Singh doubtful of opposition support for additional funds

- says some jobs will go

Minister of Finance Dr Ashni Singh yesterday cast doubt on whether government can muster support from APNU and AFC for supplementary budget funds, while saying that some jobs will go as a result of their reduction of public spending for this year.

Speaking at a press conference in the boardroom of the Ministry of Finance yesterday, Singh said the opposition parties cannot be trusted to approve supplementary papers, as their conduct does not inspire any measure of confidence.

The opposition, using its one-seat majority in the National Assembly, last week made reductions amounting to $20.8 billion of the $192.5 billion originally proposed. APNU and AFC, which cited concerns about a lack of accountability for some allocations in justifying the cuts, have urged government to collaborate with them to introduce an agreed supplementary budget.

Dr Ashni Singh

“We only have to look at their behaviour in relation to Financial Papers 7 and 8 and to see the public pronouncement that they made about supplementary provisions to discover the absence in sincerity in what they are saying now,” Singh said.

“To say that we must come
back with a supplementary is an absurdity.”
Singh also said that the message sent by the opposition with the cuts is that the affected agencies should be closed down, particularly since some have had virtually all of their funding slashed, which will cost jobs.

“If you were to look at the cuts that were made, in some cases to zero, if you operate from the premise that those agencies can no longer function, well, you would be on safe grounds saying those people no longer have their jobs,” he added, saying that government is considering the situations from all aspects, including industrial relations.

“Those agencies have no funds appropriated to them any longer. They have no money to pay their staff, they have no money to meet their operational expenses… you tell me. What are their young staff to do? Continue to come to work hoping that the supplementary will be approved at some point in time? Go to the market and tell the stallholder ‘I am going to buy my groceries today but I understand that Mr Granger and Mr Greenidge and Mr Nagamootoo and Mr Ramjattan might approve a supplementary for me?’” he said.

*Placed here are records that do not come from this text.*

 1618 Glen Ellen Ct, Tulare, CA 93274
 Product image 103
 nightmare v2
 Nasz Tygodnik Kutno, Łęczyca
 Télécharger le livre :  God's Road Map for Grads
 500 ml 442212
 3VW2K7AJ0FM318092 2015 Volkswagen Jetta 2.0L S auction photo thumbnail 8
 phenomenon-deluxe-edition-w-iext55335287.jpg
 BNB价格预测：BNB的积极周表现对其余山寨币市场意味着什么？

He added that the government is now considering its next step, including how to deal with some agencies. “There are some instances where budgets were cut to a certain amount… you need to consider how those entities will operate with the loss of their funding source and look at whether the reduced allocation can meet the cost of their operations,” he explained.

According to Singh, on the last day of the examination of the estimates, when the final cuts were made, there was no sense of dissatisfaction by the opposition members with the answers that he and others on the government side gave to questions about some of the allocations identified to be reduced or in some cases cut completely.

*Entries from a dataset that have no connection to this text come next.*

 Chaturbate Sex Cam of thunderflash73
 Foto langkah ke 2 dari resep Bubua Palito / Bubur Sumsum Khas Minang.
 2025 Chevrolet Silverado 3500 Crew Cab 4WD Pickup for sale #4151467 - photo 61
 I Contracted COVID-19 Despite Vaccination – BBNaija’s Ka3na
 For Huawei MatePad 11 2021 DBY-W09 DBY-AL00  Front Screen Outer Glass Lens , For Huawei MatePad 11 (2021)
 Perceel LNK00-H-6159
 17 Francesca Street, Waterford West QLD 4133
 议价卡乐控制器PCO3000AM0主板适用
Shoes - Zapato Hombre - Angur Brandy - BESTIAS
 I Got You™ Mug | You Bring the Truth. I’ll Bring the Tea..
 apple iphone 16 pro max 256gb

“I will readily say that substantial parts of the national budget were passed without any adjustments and those programmes can proceed unimpeded. That is something that I am quite comfortable welcoming. But you also have almost $21 billion worth of cuts imposed by this APNU and AFC conspiracy in areas which could not possibly be justified…,” he charged.

He accused the opposition of trying to put up smokescreens to cover their actions, but said that none of their explanations can withstand the test of scrutiny.

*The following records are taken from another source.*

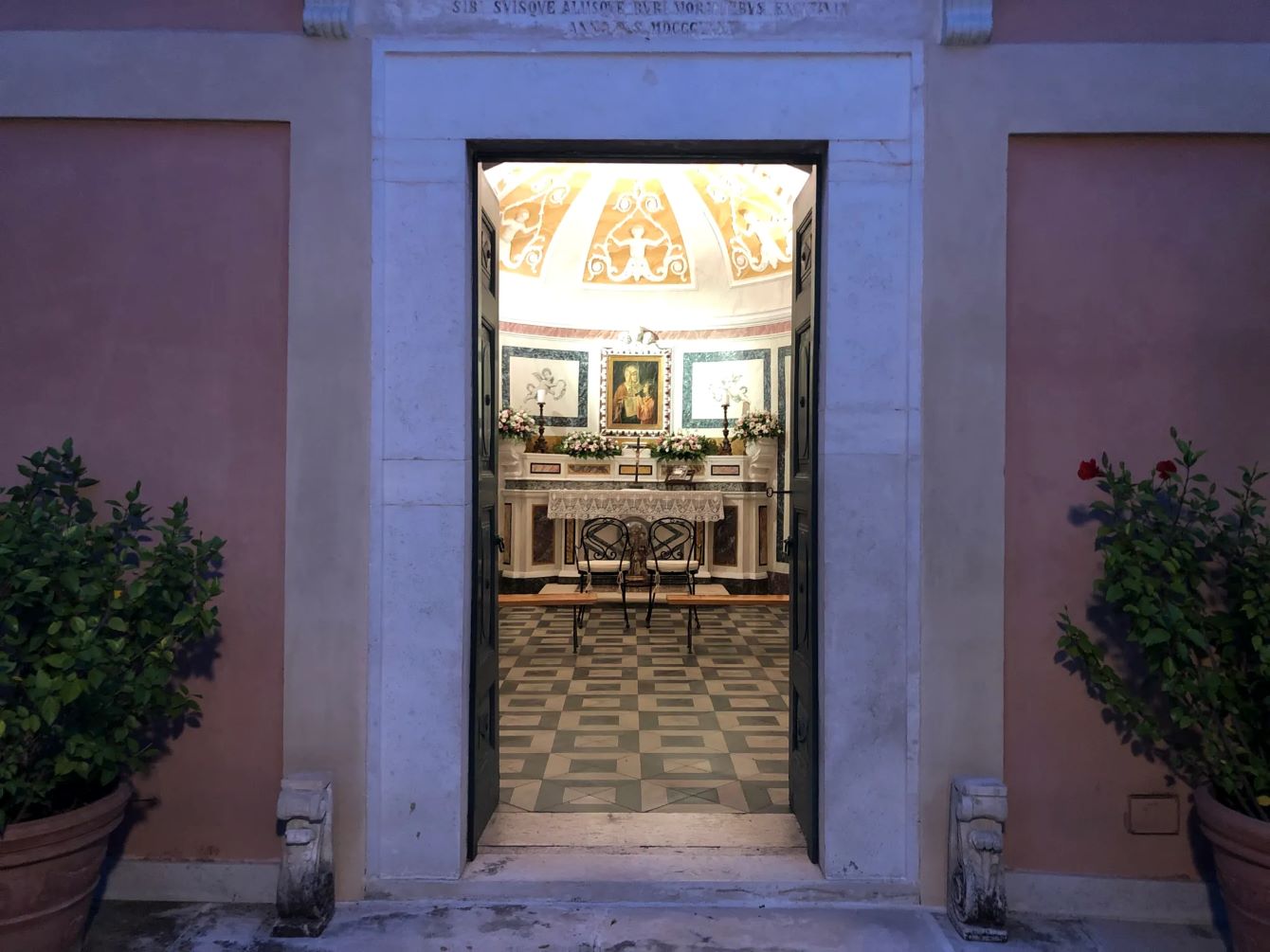 ALEI22784-villa-molfetta-57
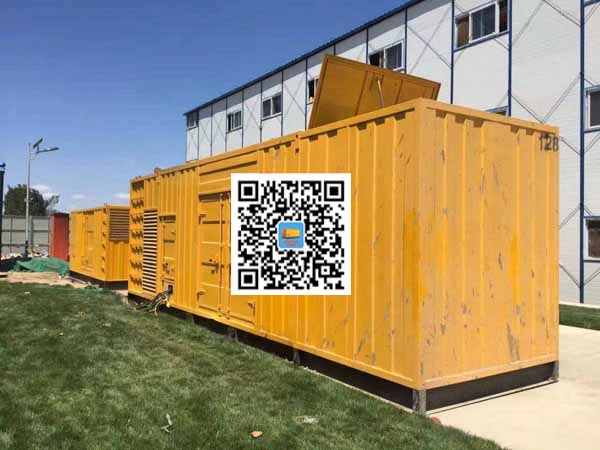 溧阳发电机的主要用途以及常见的活塞故障有哪些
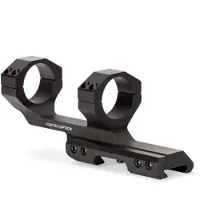 Vortex Cantilever 30mm 21mm Weaver/Picatinny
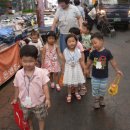 서남시장 이미지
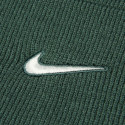 Nike Berretto Swoosh  vintage HF0187 Green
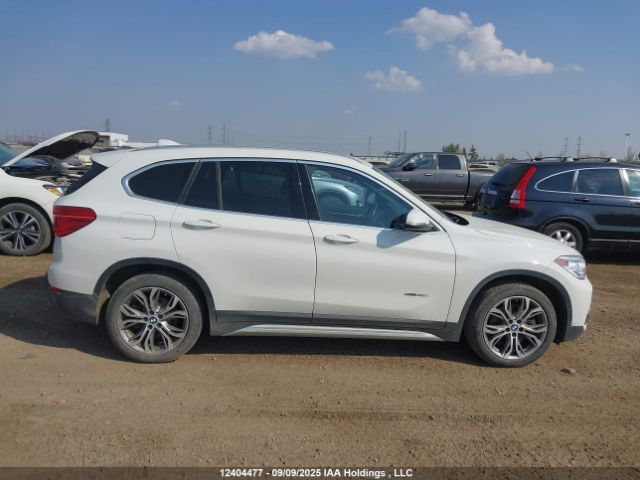 WBXHT3C33J5K26686 2018 BMW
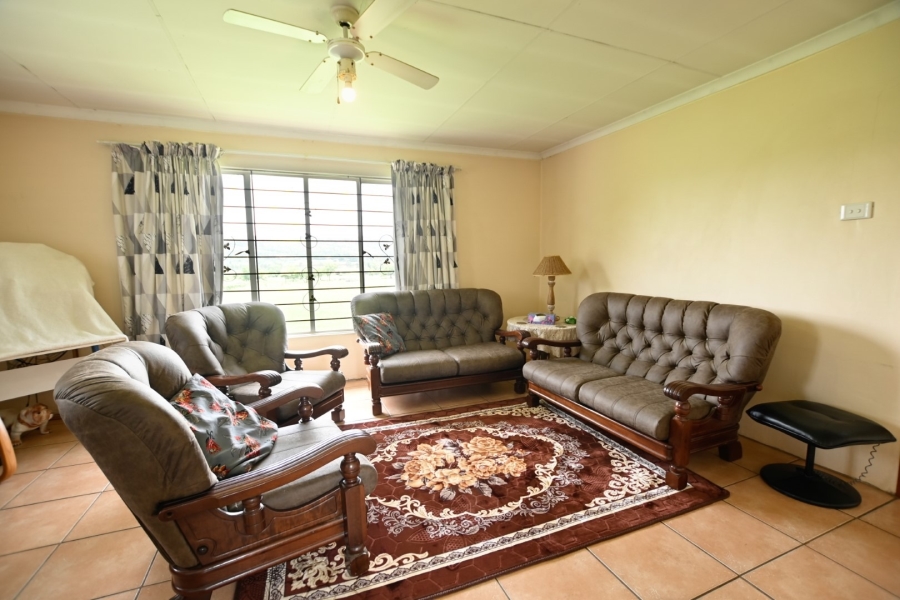 7 Bedroom Property for Sale in Rietvallei AH Gauteng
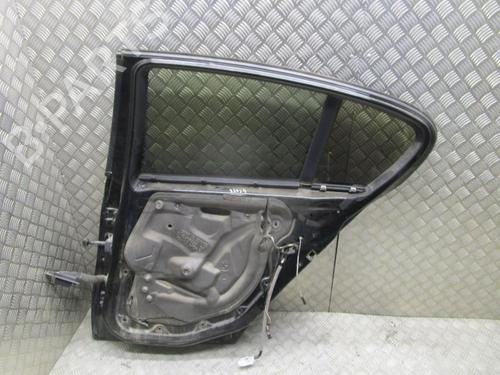 right-rear-door-bmw-1-e87-2003-2004-2005-2006-2007-2008-2009-2010-2011-2012-2013-24247559 main image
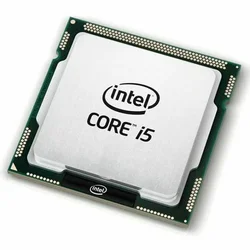 Procesador Intel Core i5-4460 Pull OEM Socket LGA 1150 4 Núcleos 4 Hilos Caché 6MB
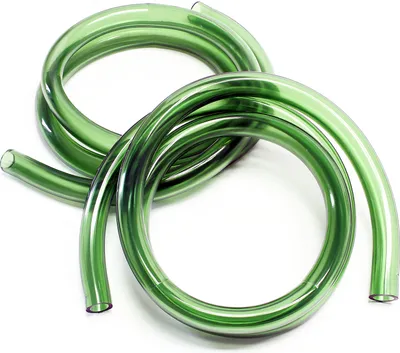 Immagine prodotto di Ricambio filtro esterno SunSun HW-404B set di tubi per acquari da 19/27 mm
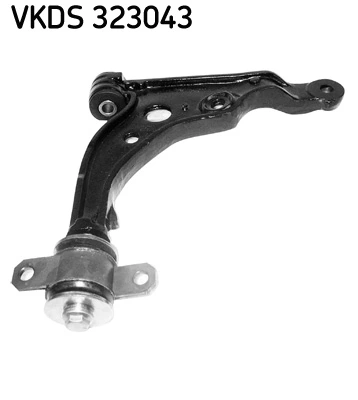 VKDS323043 SKF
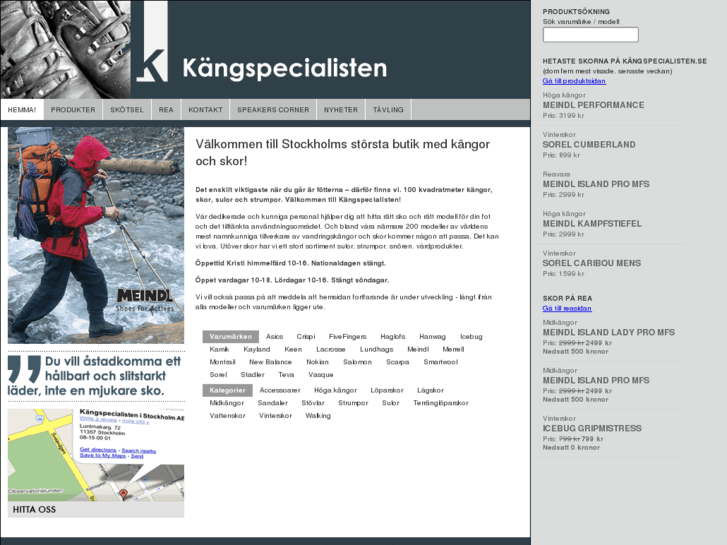 www.kangspecialisten.se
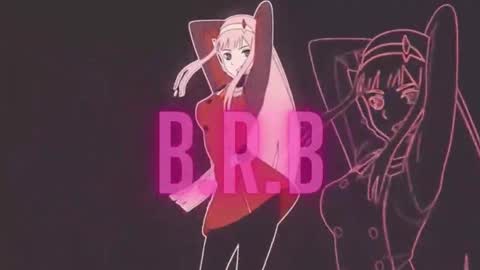 alina_everly online show from February 17, 2026, 6:36 pm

“What you were treated to was a naked and vulgar display of political power being wielded by an opposition that is clearly not interested in national development,” he said.

“The people of Guyana are understandably outraged and rightly so…these are programmes all of which benefit the people of Guyana in one way or another. It is the height of parliamentary irresponsibility. What we have is the vulgar abuse of the majority of one.”

In arguing against the opposition’s cut of $18 billion for programmes under the Low Carbon Development Strategy (LCDS)—dependent on funding that the government is yet to receive from Norway—Singh argued that the funds are no different from funds expected from a variety of sources and for which expenditure is earmarked in the budget. He also said that it was the late PNCR Member of Parliament Winston Murray who insisted that the Norway funds be placed in the budget. He noted that in making the cuts, the opposition never even asked to know what the projects that had been approved were.

Singh also said that the opposition’s moves to control the Speakership and the Committee of Selection were a sign of its intentions during the consideration of the budget, but he added that government remains open to dialogue.